Chapitre 5

80 11 2
                                    

Alice courait déjà vers Arkos. Quelle poisse j'avais... Bon. Autant l'accompagner, pour éviter qu'Arkos fasse une bêtise... Mais le connaissant, ça risquait fort d'arriver.

Je rejoignis Alice en croisant les doigts et suivit leur conversation.

- Salut ! fit Alice.

- ...Salut.

Bien. Au moins, il ne l'encourageait pas.

- T'es pas bavard, toi, hein... Sinon, ça va ? Tu t'adaptes ?

- Ben oui.

- T'as une copine ?

Et voilà. Je n'arrivais pas à comprendre comment elle pouvait être aussi directe sans en être gênée. Cette fille n'était pas possible.

Je fixai Arkos d'un regard qui signifiait : "Fais attention à ce que tu vas répondre..."
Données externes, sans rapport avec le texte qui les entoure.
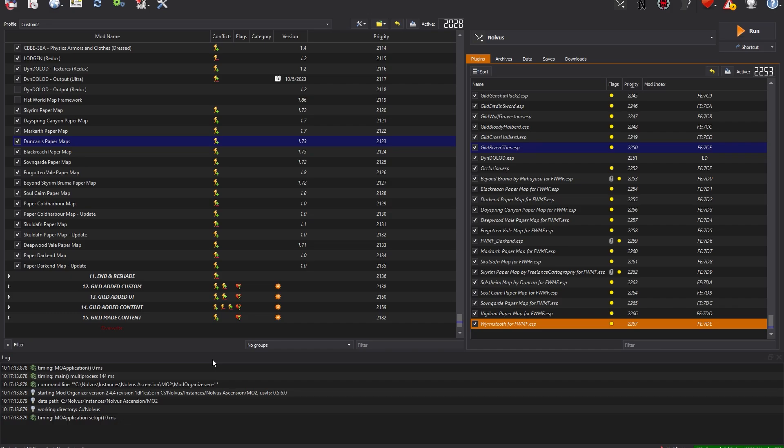Hey guys, Guild here. Today we're going to briefly go over how to install a mod via Mod Organizer 2, or MO2 as it's commonly known, as well as some steps for adding on to an existing modlist, like Nulvis.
- Ça ne te regarde pas, répliqua-t-il.

Il jouait sur la prudence. Pas bête.

- Alleeeeez ! Tu peux tout me dire !

- Je ne te connais pas...

- Mais ça peut s'arranger !

- Non, ça ira, merci...

- Ouh... Toi tu aimes une fille, mais tu ne sais pas si elle t'aime, hein ?

Elle jouait les psychologues. Elle adorait faire ça. Et le pire, dans tout ça, c'était que la plupart du temps, elle avait raison.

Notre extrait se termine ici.